Items from a data source:
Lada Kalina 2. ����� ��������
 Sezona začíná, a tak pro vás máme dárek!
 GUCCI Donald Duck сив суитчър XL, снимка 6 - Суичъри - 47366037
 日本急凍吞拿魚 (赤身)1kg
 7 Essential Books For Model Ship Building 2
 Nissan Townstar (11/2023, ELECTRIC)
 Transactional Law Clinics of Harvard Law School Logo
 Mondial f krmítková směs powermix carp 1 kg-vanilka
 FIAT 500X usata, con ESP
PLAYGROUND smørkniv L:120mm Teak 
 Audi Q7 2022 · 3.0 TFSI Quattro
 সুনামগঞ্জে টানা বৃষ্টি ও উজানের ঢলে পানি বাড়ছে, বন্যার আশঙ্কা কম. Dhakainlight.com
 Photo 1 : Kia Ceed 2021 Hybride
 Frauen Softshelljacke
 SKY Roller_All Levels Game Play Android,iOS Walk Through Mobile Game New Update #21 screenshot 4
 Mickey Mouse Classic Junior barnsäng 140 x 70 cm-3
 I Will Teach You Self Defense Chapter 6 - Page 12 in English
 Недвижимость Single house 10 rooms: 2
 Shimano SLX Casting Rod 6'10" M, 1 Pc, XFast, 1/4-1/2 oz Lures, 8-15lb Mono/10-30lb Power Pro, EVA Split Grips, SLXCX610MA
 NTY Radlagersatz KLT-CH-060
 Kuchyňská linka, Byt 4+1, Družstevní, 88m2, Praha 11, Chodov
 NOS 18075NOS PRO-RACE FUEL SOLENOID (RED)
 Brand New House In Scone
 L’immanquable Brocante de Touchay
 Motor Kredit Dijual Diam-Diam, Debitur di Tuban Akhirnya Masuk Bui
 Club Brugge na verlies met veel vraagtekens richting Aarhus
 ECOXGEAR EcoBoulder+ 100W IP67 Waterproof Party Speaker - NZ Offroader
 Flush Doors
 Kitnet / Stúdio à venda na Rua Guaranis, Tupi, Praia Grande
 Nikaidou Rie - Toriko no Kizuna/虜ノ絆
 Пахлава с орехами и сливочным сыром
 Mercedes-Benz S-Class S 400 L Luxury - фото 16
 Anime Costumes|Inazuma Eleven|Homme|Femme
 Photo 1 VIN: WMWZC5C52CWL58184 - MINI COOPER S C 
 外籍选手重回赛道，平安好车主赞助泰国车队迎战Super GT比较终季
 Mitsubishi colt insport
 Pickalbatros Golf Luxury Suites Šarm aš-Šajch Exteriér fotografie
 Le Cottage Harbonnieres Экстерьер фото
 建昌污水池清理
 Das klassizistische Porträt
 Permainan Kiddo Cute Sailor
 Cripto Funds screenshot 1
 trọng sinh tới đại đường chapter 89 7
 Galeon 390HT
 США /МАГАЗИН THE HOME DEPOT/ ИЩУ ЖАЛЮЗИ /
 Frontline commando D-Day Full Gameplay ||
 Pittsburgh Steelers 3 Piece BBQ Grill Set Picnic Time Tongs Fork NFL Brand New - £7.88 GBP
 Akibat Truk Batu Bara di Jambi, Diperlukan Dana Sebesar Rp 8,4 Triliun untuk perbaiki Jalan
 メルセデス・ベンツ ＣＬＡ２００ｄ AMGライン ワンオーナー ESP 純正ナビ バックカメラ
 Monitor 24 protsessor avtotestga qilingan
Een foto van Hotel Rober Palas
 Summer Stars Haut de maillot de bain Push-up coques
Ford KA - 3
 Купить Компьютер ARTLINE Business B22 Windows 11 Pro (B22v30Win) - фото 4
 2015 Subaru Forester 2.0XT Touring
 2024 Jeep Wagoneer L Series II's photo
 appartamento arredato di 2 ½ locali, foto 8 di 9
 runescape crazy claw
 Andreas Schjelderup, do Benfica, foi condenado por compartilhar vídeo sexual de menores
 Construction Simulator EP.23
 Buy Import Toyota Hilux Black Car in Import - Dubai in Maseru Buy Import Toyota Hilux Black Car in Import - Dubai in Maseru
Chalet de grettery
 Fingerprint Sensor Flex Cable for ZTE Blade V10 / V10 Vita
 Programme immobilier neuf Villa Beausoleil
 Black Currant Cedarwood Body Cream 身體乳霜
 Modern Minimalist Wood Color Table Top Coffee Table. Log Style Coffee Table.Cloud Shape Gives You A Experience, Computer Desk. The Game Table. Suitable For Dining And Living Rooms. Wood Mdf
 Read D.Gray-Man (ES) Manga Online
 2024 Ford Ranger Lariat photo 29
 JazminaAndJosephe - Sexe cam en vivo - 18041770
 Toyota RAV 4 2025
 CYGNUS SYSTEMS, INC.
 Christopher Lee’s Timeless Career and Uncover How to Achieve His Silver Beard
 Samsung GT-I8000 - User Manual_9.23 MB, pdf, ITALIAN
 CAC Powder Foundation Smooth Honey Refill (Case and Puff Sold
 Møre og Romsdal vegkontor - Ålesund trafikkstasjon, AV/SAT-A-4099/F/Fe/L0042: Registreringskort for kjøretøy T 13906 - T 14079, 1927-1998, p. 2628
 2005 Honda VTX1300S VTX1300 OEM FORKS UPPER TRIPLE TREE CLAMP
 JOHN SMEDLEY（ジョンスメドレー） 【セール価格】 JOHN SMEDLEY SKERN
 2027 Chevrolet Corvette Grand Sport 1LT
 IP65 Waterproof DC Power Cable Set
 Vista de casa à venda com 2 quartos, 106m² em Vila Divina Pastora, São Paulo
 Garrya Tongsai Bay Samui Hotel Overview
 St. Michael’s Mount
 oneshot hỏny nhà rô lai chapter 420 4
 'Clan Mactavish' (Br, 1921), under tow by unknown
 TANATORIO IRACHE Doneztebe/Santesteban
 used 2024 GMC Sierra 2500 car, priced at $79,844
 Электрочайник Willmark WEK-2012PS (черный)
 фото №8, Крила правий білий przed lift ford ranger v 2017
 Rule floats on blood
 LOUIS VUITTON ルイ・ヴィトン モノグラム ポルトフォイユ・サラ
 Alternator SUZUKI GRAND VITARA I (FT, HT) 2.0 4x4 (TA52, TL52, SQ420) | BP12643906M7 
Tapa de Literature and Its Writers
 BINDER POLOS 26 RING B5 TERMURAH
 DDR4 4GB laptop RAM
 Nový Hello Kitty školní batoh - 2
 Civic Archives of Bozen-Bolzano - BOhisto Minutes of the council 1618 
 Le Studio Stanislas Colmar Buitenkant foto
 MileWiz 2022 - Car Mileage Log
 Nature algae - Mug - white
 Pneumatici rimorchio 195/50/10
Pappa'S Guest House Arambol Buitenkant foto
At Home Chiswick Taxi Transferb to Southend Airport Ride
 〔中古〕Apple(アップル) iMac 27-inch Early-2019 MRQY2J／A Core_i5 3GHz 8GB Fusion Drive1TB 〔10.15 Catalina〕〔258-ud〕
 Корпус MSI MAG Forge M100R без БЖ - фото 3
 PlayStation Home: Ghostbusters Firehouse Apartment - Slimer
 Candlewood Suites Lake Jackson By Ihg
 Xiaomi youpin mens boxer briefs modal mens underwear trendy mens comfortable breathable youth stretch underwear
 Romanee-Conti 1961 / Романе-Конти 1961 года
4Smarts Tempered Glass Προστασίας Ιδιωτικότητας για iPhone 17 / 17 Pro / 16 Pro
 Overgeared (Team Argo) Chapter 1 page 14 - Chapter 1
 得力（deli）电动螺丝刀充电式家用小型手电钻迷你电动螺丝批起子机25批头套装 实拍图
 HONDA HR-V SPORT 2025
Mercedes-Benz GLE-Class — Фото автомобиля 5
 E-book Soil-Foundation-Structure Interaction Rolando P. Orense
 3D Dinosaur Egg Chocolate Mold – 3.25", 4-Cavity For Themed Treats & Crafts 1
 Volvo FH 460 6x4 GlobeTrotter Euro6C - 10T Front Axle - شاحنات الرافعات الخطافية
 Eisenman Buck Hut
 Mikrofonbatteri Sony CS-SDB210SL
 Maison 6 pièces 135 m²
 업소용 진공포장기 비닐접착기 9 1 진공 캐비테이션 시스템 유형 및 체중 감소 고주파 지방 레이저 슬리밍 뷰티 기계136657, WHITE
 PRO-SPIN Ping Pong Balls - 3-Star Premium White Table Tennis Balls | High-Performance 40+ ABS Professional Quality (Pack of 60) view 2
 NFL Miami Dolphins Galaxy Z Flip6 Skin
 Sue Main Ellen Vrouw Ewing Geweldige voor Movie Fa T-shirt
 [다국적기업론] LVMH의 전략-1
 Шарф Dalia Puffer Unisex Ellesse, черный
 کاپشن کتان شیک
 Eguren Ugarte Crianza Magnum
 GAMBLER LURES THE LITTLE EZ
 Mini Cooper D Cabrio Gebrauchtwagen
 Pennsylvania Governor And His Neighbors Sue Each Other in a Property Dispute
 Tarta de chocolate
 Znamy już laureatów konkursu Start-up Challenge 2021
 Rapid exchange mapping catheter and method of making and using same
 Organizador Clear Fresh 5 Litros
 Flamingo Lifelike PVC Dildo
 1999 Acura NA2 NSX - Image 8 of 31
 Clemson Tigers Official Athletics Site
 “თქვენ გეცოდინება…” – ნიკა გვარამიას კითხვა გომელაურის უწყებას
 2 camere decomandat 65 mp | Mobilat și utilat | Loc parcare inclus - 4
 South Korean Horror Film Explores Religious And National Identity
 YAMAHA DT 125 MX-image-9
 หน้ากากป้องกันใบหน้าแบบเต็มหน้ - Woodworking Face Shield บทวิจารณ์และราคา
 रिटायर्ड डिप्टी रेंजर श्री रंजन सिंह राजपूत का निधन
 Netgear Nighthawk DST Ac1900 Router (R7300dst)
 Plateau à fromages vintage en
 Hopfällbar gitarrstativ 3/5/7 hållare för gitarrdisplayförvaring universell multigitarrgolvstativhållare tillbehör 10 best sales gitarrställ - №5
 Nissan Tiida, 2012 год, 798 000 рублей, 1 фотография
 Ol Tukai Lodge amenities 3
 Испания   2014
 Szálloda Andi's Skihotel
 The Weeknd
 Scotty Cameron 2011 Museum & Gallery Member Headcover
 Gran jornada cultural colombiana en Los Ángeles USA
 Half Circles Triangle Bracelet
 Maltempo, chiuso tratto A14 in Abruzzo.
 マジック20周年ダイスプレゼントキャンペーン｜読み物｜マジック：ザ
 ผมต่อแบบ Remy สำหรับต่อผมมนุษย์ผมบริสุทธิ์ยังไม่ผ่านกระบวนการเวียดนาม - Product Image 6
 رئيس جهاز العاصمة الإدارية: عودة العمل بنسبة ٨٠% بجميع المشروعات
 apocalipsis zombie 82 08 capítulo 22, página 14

* TASK INSTRUCTIONS: If a line in the entries above holds "Mercedes", include it in the count; report nothing but the resulting number.

* WRITTEN ANSWER: 2